_Data below_
- - - - - - -

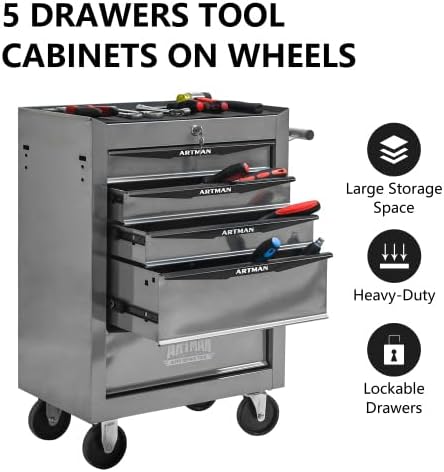 Iron-Top Rolling Tool Chest with Lockable Wheels and Side Handles, 7-Drawer Tool Storage Cabinet with Ball Bearing for Garage, Repair Shop, Required Assembly, Large Storage Capacity (Iron, 5-Gray)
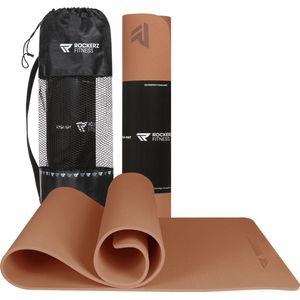 Rockerz Yoga mat - Fitness mat - Sport mat - Yogamat anti slip & eco - Extra Dik - Duurzaam TPE materiaal - Incl Draagtas - Caramel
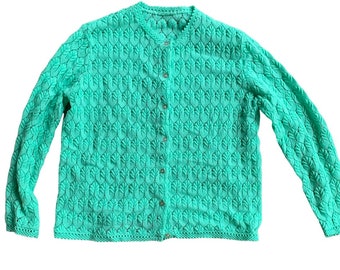 1960s vintage sea foam green knit cardigan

- - - - - - -

_Try it_
All the material above should be written out exactly, with images omitted.

_Answer to this problem_
 Iron-Top Rolling Tool Chest with Lockable Wheels and Side Handles, 7-Drawer Tool Storage Cabinet with Ball Bearing for Garage, Repair Shop, Required Assembly, Large Storage Capacity (Iron, 5-Gray)
 Rockerz Yoga mat - Fitness mat - Sport mat - Yogamat anti slip & eco - Extra Dik - Duurzaam TPE materiaal - Incl Draagtas - Caramel
 1960s vintage sea foam green knit cardigan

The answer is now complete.